I have long had difficulty understanding people's aversion to competition. Coaches are always asked, “when should I start competing,” and with a few minor exceptions not even worth noting, the answer to anyone who expresses interest is, “right now.” I think many people are afraid of competition or think they're not good enough. The rebuttal to anyone who isn't “good enough” is simply to point out that competition is against the person you were yesterday, no-one and nothing else. It's hard or impossible to avoid fear, but it might help to remember that life is competition, and playing a sport is actually the safest way to compete. You get to choose the time, event, location, and to a certain extent who you compete against perhaps based on age or skill level. Life isn't like that. You're happily working away, you get called into the boss's office, and it's game on. You didn't know it was coming, you didn't get to prepare, and you don't even know the rules, but suddenly you're competing for a raise or maybe even just to keep your job.
Lately I've competed in three sports. I'll briefly run down how these sports are looked at, how I look at them, and why they might matter.
What it looks like from the outside: a bunch of guys and a few women trying to lift as much as they can in the squat, bench press, and dead lift.
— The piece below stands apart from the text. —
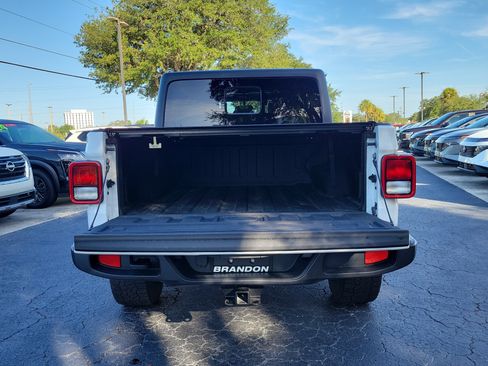 Used 2022 Jeep Gladiator Sport AWD/4WD image 9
What it looks like from the inside: you versus “can't.” “Can't” comes in many forms, fear, dis-belief, unwillingness. I guarantee that at the bottom of a heavy squat, you'll meet “can't” head-on, and you'll conquer it or get smashed.
Why it matters: How many times “couldn't” you do something? What was it, public speaking, meeting a longstanding problem you were avoiding, tackling a project you put off for months? Maybe like me you've had days you “couldn't” get out of bed. Get on a platform and lift more weight than you did yesterday. Start proving to yourself that you can.
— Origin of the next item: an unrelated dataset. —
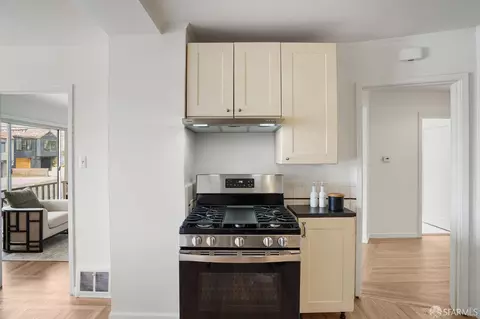 2082 29th Ave, San Francisco, CA 94116 photo 16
What it looks like from the outside: men and women pulling like crazy on an indoor rowing machine, an “erg,” sometimes for a set time, sometimes for a set distance, commonly 2,000 or 500 meters.
What it looks like from the inside: you versus pain. In the 2,000 meter race pain comes like a relentless stalker. You go 800 or maybe even 1100 meters looking over your shoulder knowing the inevitable pain is coming, and it does. Then you have 900-1200 meters left to try to make friends, because pain will be there until the end. The 500 is more like running a gauntlet with a flying start. If you're good you get 200 or even 250 meters before you even get hit. Then you get hit, and get get hard. No problem, you just go like a maniac for 250-300 more meters because if you slow down at that point it just hurts worse.
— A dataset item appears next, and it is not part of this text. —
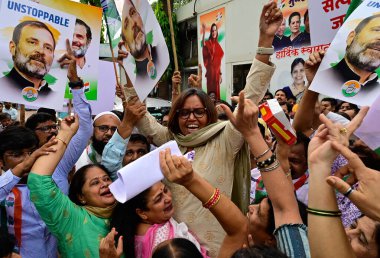 MUMBAI INDIA 4 AĞUSTOS 4 2023 Mumbai kongre parti çalışanları Azad Meydan 'daki Mumbai kongre ofisinde Cuma günü Hindistan Yüksek Mahkemesi' nin ardından Rahul Gandhi 'nin 2019 yılında Modi soyadı hakkında yaptığı hakaret davasındaki mahkumiyetini sürdürdü.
Why it matters: sorry, pain is a part of life. You really want help getting on and off the toilet because your hip or knee hurts? Why not make friends with pain now? He'll be around.
What it look like from the outside: two men or women grappling and trying to win by choking the opponent unconscious or breaking a limb.
What it looks like from the inside: you versus a real live opponent who is not only trying to stop you from doing what you want, he's trying to do something worse to you first. It can be fun if you're winning. If you're losing, prepare for a claustrophobic nightmare.
Why it matters: I don't make lemonade. Life doesn't hand out lemons, it hands out people who want to oppose you or get in your way just for the hell of it. It's good to learn early to win the fights you can with the least possible energy, and it's good to learn how to lose as you sometimes must. If you're losing, fine. Learn to lose by referee's decision, not by being choked out.
I don't have any formula for getting on the podium, as I've rarely been there. I've watched awards ceremonies from the furthest corner of the room, and I've missed some entirely when it seemed to me I had to get out of the room as soon as possible.
It's okay. The person you were yesterday wouldn't have entered the arena. You've started the winning process. If you make to the podium someday, congratulations. If you never make it, congratulations. You beat the crap out of the person you were yesterday, and that's all and everything you can possibly have any control over.